= Daniel Percival (director) =

British director and screenwriter

Daniel Percival is a British BAFTA-winning director and screenwriter of television drama.

==Career==
Having originally trained as a film editor Percival started directing documentaries for the BBC in the mid 1990s. One of his earliest successes was a two-part series about depression for Channel 4 in England, New Britain on the Couch, presented by psychologist Oliver James, as well as Ancient Inventions.

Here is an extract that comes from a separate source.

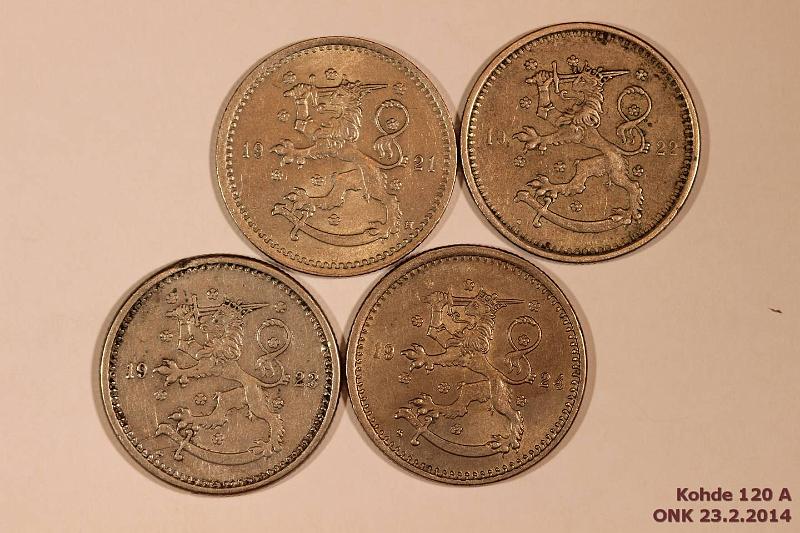 k-0120-a.jpg - Kohde 120, lhthinta: 25 € / myyntihinta: 32 € 1 mk 1921-24 (4) Kaikki hevosmarkat. 1921(kl8 eprv), 22(5), 23(5, pij), 24(7), kunto: 5-8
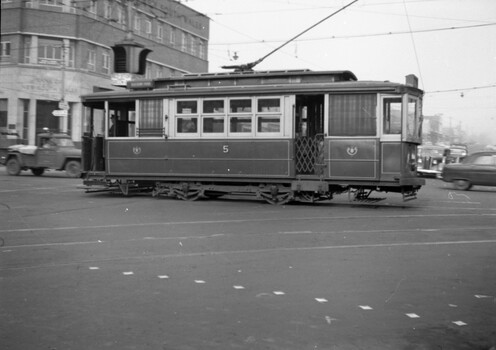 SECV Geelong No. 5 at Moorabool and Ryrie Sts.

Percival concentrated on drama work after 2000. He wrote for Waking the Dead, and co-wrote and directed the political thriller The State Within. The series, a joint production of BBC Films and BBC America, follows Sir Mark Brydon (Jason Isaacs), the British Ambassador to Washington, who is caught in the centre of a political conspiracy threatening to depose Western governments. As such, he must prevent a war, all whilst facing his own personal dilemmas. The series was nominated for two Golden Globe Awards in the categories 'Best Mini-Series or Motion Picture Made for Television' and 'Best Actor - Miniseries or Television Film'. Other work includes Death Comes to Pemberley and Jimmy McGovern's Banished, and several Frank Spotnitz productions, such as Chris Ryan's Strike Back, Crossing Lines, Hunted and Leonardo.